Un’altra preoccupazione diffusa riguarda la possibilità che i transgeni possano diventare parte del patrimonio ereditario del consumatore. In realtà nel tratto intestinale il DNA viene rapidamente degradato. Malgrado questo, le cellule dello stomaco e dell’intestino potrebbero assorbire frammenti di DNA di grandezza tale da contenere un gene ([8], [6], [7]). Non è scientificamente credibile però, che il DNA assorbito ed eventualmente integrato nei cromosomi di una cellula intestinale possa raggiungere altre cellule e addirittura la linea germinale ([21]). Inoltre, le prove condotte fino ad ora hanno dimostrato che il transgene non è stato trovato in cellule di bovini alimentati con prodotti GM ([8]).

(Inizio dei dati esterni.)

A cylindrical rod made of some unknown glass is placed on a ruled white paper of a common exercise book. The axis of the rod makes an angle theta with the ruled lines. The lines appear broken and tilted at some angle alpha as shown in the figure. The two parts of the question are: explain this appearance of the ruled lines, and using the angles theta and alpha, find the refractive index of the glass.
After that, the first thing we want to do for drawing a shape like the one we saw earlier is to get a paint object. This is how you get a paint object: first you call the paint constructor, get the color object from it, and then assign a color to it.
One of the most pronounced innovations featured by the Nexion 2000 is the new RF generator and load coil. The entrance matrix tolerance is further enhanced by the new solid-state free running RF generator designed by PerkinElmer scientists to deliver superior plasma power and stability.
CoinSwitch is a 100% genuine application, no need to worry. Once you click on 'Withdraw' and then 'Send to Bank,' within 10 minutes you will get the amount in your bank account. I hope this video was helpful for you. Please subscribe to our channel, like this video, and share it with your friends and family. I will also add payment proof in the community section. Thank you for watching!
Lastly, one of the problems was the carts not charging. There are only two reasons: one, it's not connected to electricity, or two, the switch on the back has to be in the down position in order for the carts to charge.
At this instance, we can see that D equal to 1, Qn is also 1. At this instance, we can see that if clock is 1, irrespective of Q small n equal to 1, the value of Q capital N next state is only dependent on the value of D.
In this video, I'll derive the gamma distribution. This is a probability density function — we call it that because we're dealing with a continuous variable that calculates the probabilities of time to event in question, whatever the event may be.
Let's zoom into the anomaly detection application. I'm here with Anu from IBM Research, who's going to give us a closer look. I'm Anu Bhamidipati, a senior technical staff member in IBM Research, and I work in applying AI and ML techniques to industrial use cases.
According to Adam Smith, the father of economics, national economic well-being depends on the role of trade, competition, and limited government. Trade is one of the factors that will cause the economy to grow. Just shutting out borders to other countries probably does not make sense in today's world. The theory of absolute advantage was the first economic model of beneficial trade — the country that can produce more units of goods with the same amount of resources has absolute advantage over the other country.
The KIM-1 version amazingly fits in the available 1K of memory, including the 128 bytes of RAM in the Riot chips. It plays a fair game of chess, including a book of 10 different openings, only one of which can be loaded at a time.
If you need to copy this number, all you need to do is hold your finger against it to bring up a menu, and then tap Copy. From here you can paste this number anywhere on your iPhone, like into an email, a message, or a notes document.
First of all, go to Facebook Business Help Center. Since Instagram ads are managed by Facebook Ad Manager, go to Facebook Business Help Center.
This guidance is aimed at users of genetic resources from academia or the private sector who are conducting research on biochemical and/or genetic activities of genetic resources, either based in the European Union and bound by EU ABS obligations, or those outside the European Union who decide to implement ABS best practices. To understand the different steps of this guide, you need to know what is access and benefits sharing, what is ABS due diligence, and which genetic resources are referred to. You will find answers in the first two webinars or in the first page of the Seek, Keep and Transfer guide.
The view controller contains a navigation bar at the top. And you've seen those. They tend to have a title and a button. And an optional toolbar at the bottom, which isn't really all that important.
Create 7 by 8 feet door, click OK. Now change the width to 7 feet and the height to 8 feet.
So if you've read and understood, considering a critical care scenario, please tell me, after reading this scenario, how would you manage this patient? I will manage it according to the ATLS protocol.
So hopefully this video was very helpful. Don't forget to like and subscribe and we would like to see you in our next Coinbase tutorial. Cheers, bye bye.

Tra le diffidenze dell’opinione pubblica verso i progressi della scienza e le innovazioni tecnologiche emerge il problema degli OGM. Pur comprendendo che la materia investe non solo considerazioni di tipo scientifico ma anche sociali, etiche, politiche ed economiche, sembra evidente che una delle cause di tale diffidenza risieda nella mancanza di informazione imparziale e nella diffusione di notizie prive di qualunque fondamento scientifico. La pubblicità di una nota catena di supermercati, per esempio, recita “I nostri prodotti non contengono cose strane come gli OGM”. Forse non sarebbero così “strane” se nell’opinione pubblica fosse stata diffusa la consapevolezza che l’umanità persegue fin dagli albori della civiltà il potenziamento della produzione di alimenti vegetali e che le piante verdi, attraverso la fotosintesi, utilizzano per le loro funzioni l’energia più gratuita e rinnovabile: quella solare. L’ingegneria genetica può contribuire ad un processo che assicuri, garantita la sicurezza d’uso nei confronti dell’uomo e dell’ambiente, la costituzione di nuove varietà che consentano aumenti di produzione con minor impiego di prodotti di sintesi chimica (fitofarmaci, fertilizzanti e diserbanti). Inoltre bisogna considerare che l’aumento della resistenza per via tecnologica ai parassiti e agli stress ambientali è di immediata percezione per il coltivatore ma non per il consumatore del prodotto ([9]). Un caso illuminante riguarda la dispersione dei semi: in natura i semi vengono dispersi velocemente, mentre per il coltivatore è desiderabile che i semi rimangano sulla spiga. Se non ci credete provate a raccogliere un quintale di mais come pannocchie sulla pianta oppure come singoli chicchi a terra, magari dopo un bel temporale! ([16]). Un’altra caratteristica poco nota delle piante coltivate è che generalmente contengono una quantità ridotta di pesticidi naturali, rispetto a quelle selvatiche, che sono sì dannosi per gli insetti e i patogeni ma anche per l’uomo: un esempio? Provate a mangiare dei semi di ricino! ([16])

Sembra appropriato concludere con una citazione di un noto fisico, Richard Feynman ([10]), “La scienza è ciò che abbiamo imparato circa il fatto di non prendersi in giro”.